En la carta a sus hijos decía: «Queridos hijos míos, ya estoy vencido. La locura de su madre me ha destrozado el corazón y todas las energías. Espero que mis millones de admiradores, a quienes durante tantos años he divertido e instruido, los ayudarán. No les dejo más que 150 liras, más un crédito de 600 liras… Háganme sepultar por la caridad dado que estoy completamente arruinado. Los besa a todos con el corazón sangrante su desgraciado padre, Emilio Salgari.
Postdata: Voy a morir al Valle de San Martino, cerca del lugar donde, cuando vivíamos en la calle Guastalla, íbamos a merendar. El cadáver se encontrará en uno de los barrancos que conocen, porque íbamos allí a recoger flores».
A sus editores les escribió en un tono muy distinto: «A ustedes, que se han enriquecido con mi piel, manteniéndonos, a mí y a mi familia, en una continua miseria o aún más, solo les pido que, en compensación por las ganancias que les he dado, piensen en mis funerales. Los saludo quebrando la pluma. Emilio Salgari».
Aunque no el dinero, la fama estuvo siempre del lado del autor. En vida, eran muchos los países a los que llegaban sus obras y aún faltaban por llegar las adaptaciones: las películas de Sandokán protagonizadas por Steve Reeves y, sobre todo, la serie de televisión con Kabir Bedi en el papel protagonista. Y en este 2021 empezará a rodarse una nueva serie, esta vez con el actor de moda del mercado audiovisual turco, Can Yamán.
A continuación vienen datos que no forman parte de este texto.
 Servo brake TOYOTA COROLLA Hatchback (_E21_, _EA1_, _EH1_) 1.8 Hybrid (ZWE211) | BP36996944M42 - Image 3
Los años 70 y 80 del siglo XX fueron los de mayor popularidad del de Verona, cuando sus obras llenaban los quioscos, muchas de ellas ilustradas por los mejores artistas de la época, como Roc Riera Rojas en España. Sin embargo, desde entonces no han sido editadas de nuevo y resulta extremadamente complicado hacerse con el trabajo de Salgari, como no sea recorriendo librerías de segunda mano o páginas web. Clásico entre los clásicos, el de Verona no ha recibido el justo homenaje de tiempos posteriores al suyo, como sí ha ocurrido con otros genios de las novelas de aventuras como Jules Verne, Robert E. Howard o Edgar Rice Burroughs, que incluso protagonizaron resurrecciones editoriales y múltiples adaptaciones modernas de sus obras. De hecho, fuera del ámbito latino, rara vez se le tiene en cuenta, y ojalá esa nueva serie sirva para que esta circunstancia cambie.
Emilio Salgari fue un autor trágico con un final a la altura de esa vida de proezas inventadas, princesa rescatada de las fieras y travesías ficticias. Dejó un legado de historias maravillosas, pero una familia destrozada en la que dos de sus hijos también se quitaron la vida —Romero en 1931 y Omar en 1963—, mientras que Nadir falleció en un accidente y Fátima a consecuencia de una tuberculosis.
En la casa de Turín en la que vivió existe una placa que reza: «Entre estas paredes, Salgari vivió en la pobreza mas absoluta, poblando el mundo de los personajes nacidos de su imaginación inagotable, fiel a un ideal caballeresco de lealtad y valor. Debido a que los italianos no olvidan su genio aventurero y su doloroso calvario, la revista Mar italiana realiza este recordatorio. Turín, 30 de abril de 1959».